All that is wanted is the line with "تصویر کوچک شورت بغل پهن پاپیونی لعیا" and each line after it to the end of the data below, set down exactly and without pictures.

=== Section Start ===

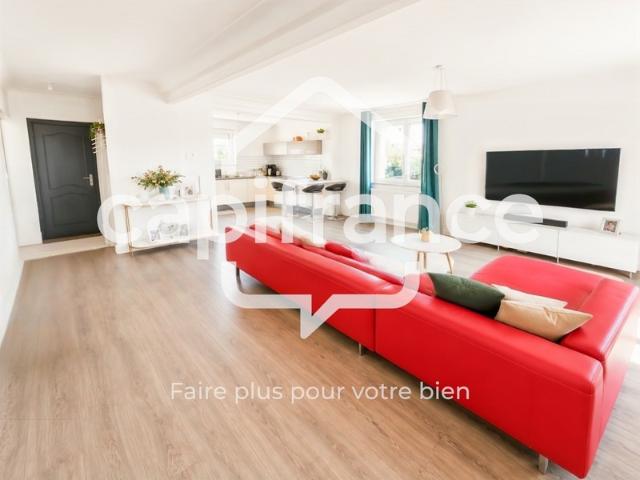 Appartement vente à Bordeaux, Ambarès-et-lagrave
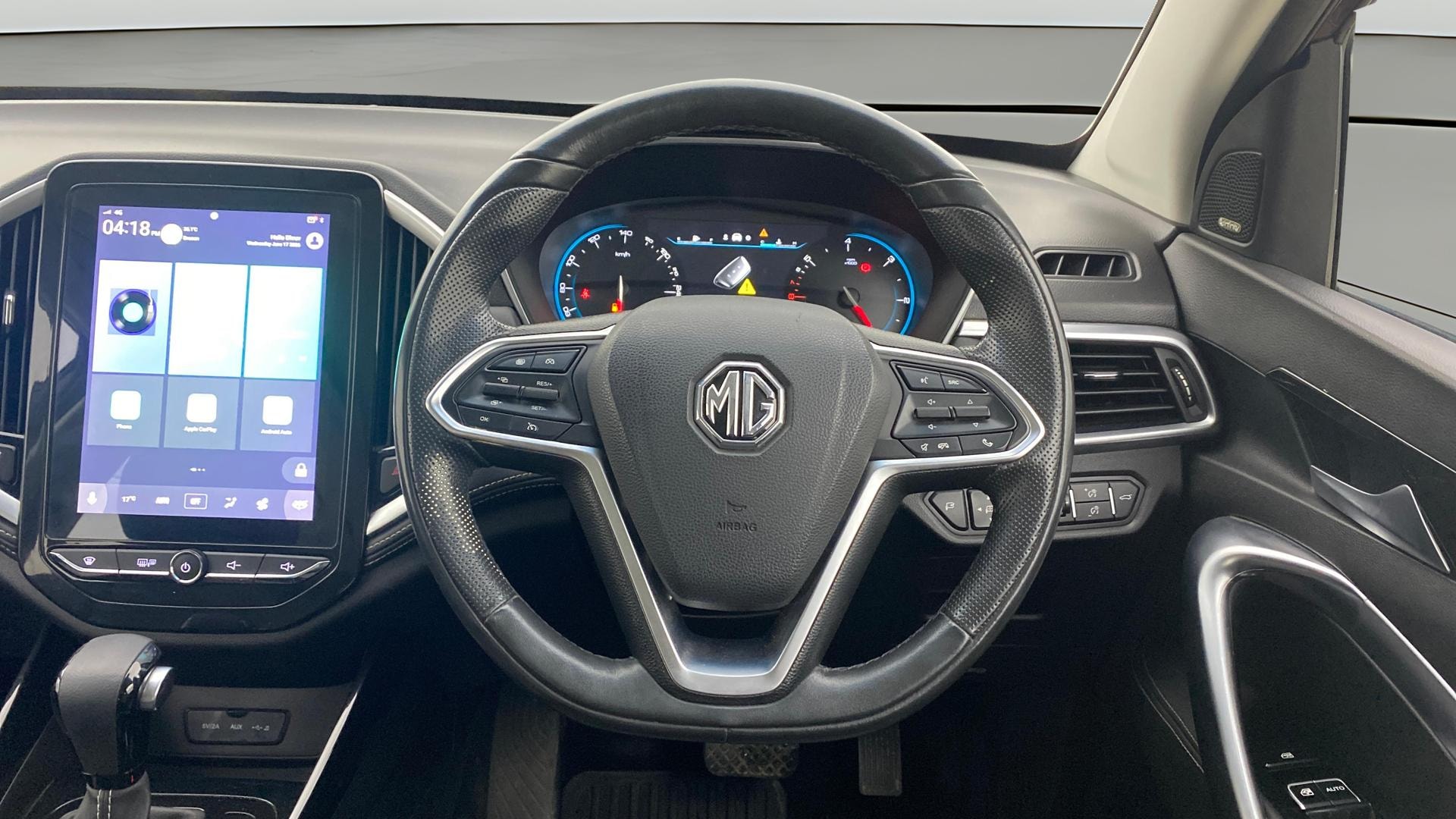 View 2020 MG Hector Sharp Petrol BS IV Image 21 Used 2020 MG Hector Sharp Petrol BS IV Image 21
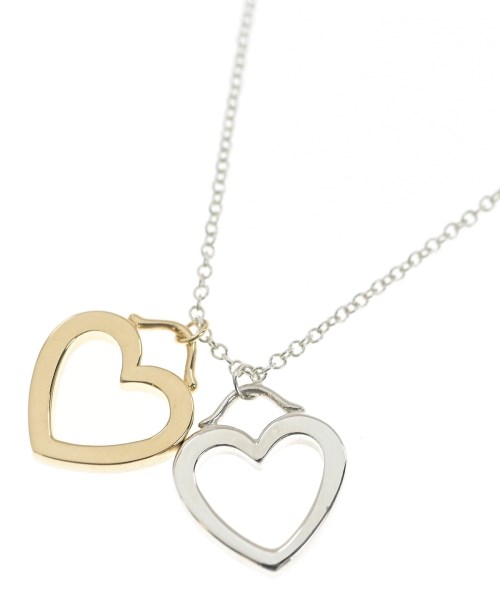 TIFFANY & CO.(ティファニー)ネックレス シルバー サイズ:-/2200653945552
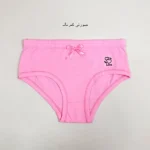 تصویر کوچک شورت بغل پهن پاپیونی لعیا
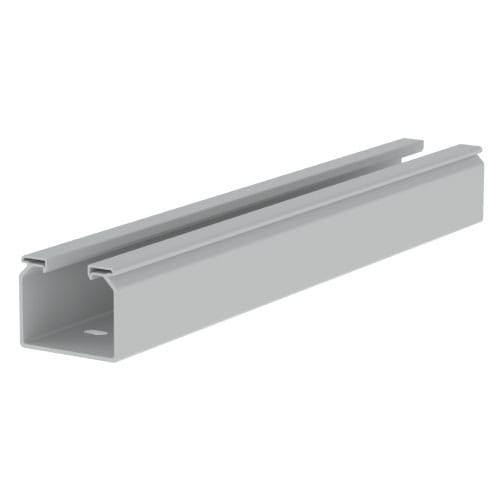 UNEX APARELLAJE ELEC - UNY66091 66 PASSERELLA FOND CHIUSO GRIG 60X75 U23
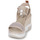 Zapatos Mujer Sandalias NeroGiardini E307750D-660 Beige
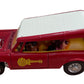 Vintage Corgi 2001 The Monkees MonkeeMobile - Diecast Scale Replica Model Vehicle - Corgi No. CC52405 In A Reproduction No. 277 Box - Former Shop Display Model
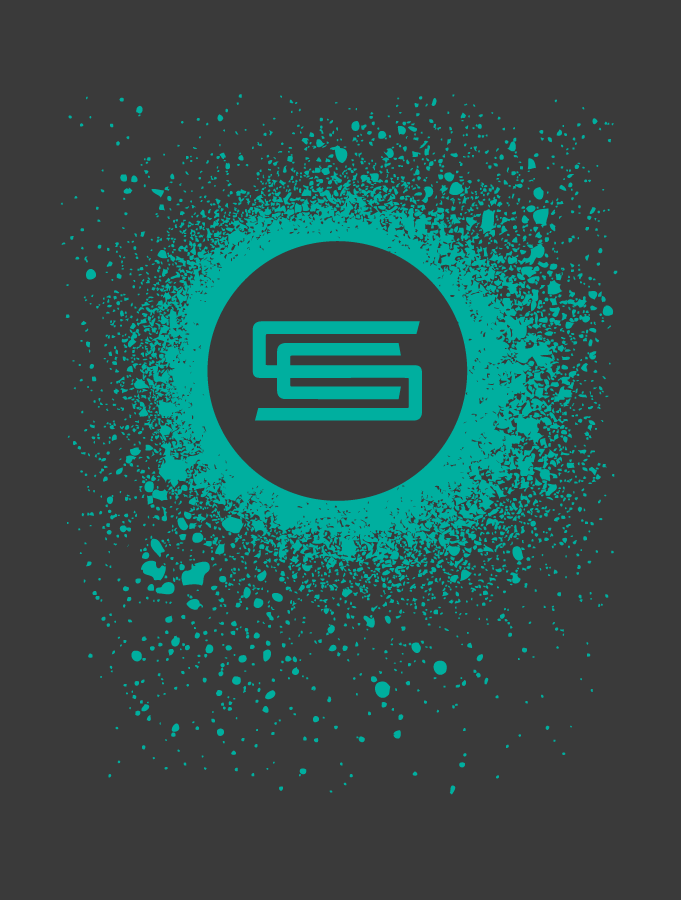 Silver City Brewery · Splatter Tee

=== Section End ===

-- Solution to the problem --
 تصویر کوچک شورت بغل پهن پاپیونی لعیا
 UNEX APARELLAJE ELEC - UNY66091 66 PASSERELLA FOND CHIUSO GRIG 60X75 U23
 Zapatos Mujer Sandalias NeroGiardini E307750D-660 Beige
 Vintage Corgi 2001 The Monkees MonkeeMobile - Diecast Scale Replica Model Vehicle - Corgi No. CC52405 In A Reproduction No. 277 Box - Former Shop Display Model
 Silver City Brewery · Splatter Tee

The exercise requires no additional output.